なぜあなたの酒場には客が来ないのか?

よみがえれ「限界酒場」 復活のカギは若手と都会の客

文:須田 泰成 02.02.2017

常連客の高齢化によって存続が危ぶまれている酒場がある。限界集落ならぬ「限界酒場」はどうすれば次の10年存続できるか。ヒントは顧客層の若返りを促す工夫と、大都市圏の客を呼び込む策にあった。

全国の酒場を訪ねることの多い筆者だが、地域で長年に渡り愛されてきた安い、ウマい、雰囲気の良い酒場が、顧客の高齢化によって存続が危ぶまれるケースが、この2~3年で増えてきた。

人口の半数以上が65歳以上の高齢者で、存続が危ぶまれる集落のことを限界集落と言うが、客が高齢者ばかりの酒場を見ると時折、「限界酒場」という言葉が浮かんでくることがある。

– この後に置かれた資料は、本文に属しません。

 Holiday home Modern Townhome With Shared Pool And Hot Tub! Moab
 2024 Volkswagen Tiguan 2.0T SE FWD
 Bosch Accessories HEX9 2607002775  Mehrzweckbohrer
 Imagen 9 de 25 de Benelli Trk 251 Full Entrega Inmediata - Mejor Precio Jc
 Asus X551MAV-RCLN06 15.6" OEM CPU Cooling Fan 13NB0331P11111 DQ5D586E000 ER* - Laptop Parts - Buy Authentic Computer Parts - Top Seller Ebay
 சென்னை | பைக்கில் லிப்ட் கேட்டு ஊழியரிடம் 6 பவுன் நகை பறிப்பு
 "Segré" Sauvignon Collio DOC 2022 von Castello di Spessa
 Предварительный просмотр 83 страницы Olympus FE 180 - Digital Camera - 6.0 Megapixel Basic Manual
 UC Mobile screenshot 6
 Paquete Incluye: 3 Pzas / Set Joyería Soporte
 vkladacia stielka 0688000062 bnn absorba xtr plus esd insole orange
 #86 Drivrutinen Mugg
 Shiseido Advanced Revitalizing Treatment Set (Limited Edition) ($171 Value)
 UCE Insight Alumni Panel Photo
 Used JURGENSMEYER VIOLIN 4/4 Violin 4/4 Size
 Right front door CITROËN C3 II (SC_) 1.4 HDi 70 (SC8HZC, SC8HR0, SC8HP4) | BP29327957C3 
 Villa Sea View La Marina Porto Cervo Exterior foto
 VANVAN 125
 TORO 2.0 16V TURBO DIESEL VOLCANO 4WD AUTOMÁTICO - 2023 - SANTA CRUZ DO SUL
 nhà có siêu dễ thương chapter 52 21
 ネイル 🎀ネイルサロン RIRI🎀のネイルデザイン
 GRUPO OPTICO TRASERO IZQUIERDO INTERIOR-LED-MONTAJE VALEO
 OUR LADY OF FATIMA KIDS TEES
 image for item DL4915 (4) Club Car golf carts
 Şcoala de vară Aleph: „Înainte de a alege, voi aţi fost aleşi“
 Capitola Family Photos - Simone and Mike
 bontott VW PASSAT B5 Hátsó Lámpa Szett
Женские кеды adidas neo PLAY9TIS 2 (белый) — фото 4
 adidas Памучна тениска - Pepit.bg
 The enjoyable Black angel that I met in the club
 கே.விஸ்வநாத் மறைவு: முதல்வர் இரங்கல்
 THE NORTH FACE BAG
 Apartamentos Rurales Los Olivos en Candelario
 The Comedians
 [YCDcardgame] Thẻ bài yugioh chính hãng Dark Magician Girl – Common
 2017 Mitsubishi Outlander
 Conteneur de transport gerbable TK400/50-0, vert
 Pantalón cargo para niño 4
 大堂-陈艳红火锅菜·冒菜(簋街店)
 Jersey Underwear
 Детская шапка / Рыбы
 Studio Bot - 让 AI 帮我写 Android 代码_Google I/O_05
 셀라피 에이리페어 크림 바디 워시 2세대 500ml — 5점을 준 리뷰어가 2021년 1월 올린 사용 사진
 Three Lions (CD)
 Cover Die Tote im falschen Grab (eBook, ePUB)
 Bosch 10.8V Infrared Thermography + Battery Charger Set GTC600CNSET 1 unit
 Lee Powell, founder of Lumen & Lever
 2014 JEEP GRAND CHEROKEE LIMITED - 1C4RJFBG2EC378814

例えば、東京の私鉄沿線・住宅街の酒場Aを挙げよう。創業から30年以上が経つ、個人経営の居酒屋である。10名ほど座れるカウンターとテーブル席がひとつ。刺身、天ぷら、煮物、串焼きなど、ツマミが豊富で、夕方から地元の常連男性客を中心に賑わってきた。客単価は1人当たり2000円から3000円、1日の売り上げが10万円を上回ると評判の繁盛店。雑誌や夕刊紙に記事が載ることも多かった。

しかし、この2~3年、客がじわじわ少なくなってきた。リーマンショックや東日本大震災でも影響がなかったにもかかわらずだ。営業のピーク時となる18時台や19時台でも半分程度の入りが多い状況に。酒場Aのマスターに話を聞いてみると、原因は、顧客の高齢化。つまりは、「限界酒場」の問題だった。

団塊世代の引退が原因

「うちの店は団塊の世代の人たちと、その上の戦中生まれくらいの人たちで賑わってきた店。2007年から震災くらいまで、団塊が定年退職してすぐの頃は、嘱託で週2~3日も会社に行けばいい金をもらえる人が多くて、早い時間からめちゃくちゃ混んだ。ただ、この1~2年で、ダメになった。ほとんどの人が、仕事がなくなり、普通の年金生活者になって、来る回数が減った。うちより安い店に流れた人も多い。変わらず飲みに来るのは、会社の経営者かうまく生き残っている自営業者か、一部の人だけ」

振り返ると、2年前の2015年は、団塊の世代がまるごと、65歳以上の前期高齢者の仲間入りをした年。他の世代と比べて人口が多く、戦後の時代の節目節目にブームを作ってきた世代だが、高齢化に伴い消費生活から離脱する影響も大きい。全国の酒場や飲み屋街の多くが、団塊世代の引退と同じくするように、衰退の危機に直面している。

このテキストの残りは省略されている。